Thanks for clarifying, does it only affect bus 7f/ff, or does it
affect other busses
as well? If only management devices are affected, then I think it is
not the cause
of my issue. But thanks a lot for your detailed reply.

> This leads to several problems. Here's a dmesg sample from [1]
> (found by googling for 'dmesg log "PCI: discovered peer bus ff"'):
>
> ACPI: PCI Root Bridge [PCI0] (domain 0000 [bus 00-ff])
> PCI: Discovered peer bus fe
> pci_bus 0000:fe: root bus resource [io 0x0000-0xffff]
> pci_bus 0000:fe: root bus resource [mem 0x00000000-0xffffffffff]
> pci 0000:fe:03.0: [8086:2d98] type 00 class 0x060000
> PCI: Discovered peer bus ff
> pci_bus 0000:ff: root bus resource [io 0x0000-0xffff]
> pci_bus 0000:ff: root bus resource [mem 0x00000000-0xffffffffff]
> pci 0000:ff:03.0: [8086:2d98] type 00 class 0x060000
> EDAC MC1: Giving out device to module i7core_edac.c controller i7 core #1: DEV 0000:fe:03.0 (INTERRUPT)
> EDAC PCI0: Giving out device to module i7core_edac controller EDAC PCI controller: DEV 0000:fe:03.0 (POLLED)
> EDAC MC0: Giving out device to module i7core_edac.c controller i7 core #0: DEV 0000:ff:03.0 (INTERRUPT)
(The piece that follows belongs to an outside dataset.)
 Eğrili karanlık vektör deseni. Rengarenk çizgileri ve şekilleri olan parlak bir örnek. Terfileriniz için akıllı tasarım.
> EDAC PCI1: Giving out device to module i7core_edac controller EDAC PCI controller: DEV 0000:ff:03.0 (POLLED)
>
> Some of the problems are:
>
> - Firmware may have omitted the host bridges to [bus fe] and
> [bus ff] from the ACPI namespace because *it* is using those
> management devices, so EDAC blindly using them is a potential
> conflict.
>
> - pcibios_fixup_peer_bridges() only scans domain 0, so if this
> system had multiple domains, EDAC would only work on things in
> domain 0, ignoring other domains.
>
> - The PCI core can't do bus number assignment correctly for devices
> behind bridge PCI0. The firmware told us [bus 00-ff] was
> available, so the core may assign bus number fe to some deep
> switch hierarchy. But bus fe conflicts with the devices on the
> "peer bus fe". This part is a firmware bug: it should have told
> us that PCI0 leads to [bus 00-fd], not [bus 00-ff].
>
> - The PCI core can't do resource assignment correctly for devices on
> [bus fe] and [bus ff]. It has no information about what MMIO and
> I/O port are routed to those buses, so it assumes *all* memory and
> I/O ports are routed there, which is clearly incorrect. This part
> is a Linux bug; we really shouldn't be poking around for buses
> that ACPI didn't tell us about.
>
> Bjorn
>
> [1] https://bugs.freedesktop.org/attachment.cgi?id=136529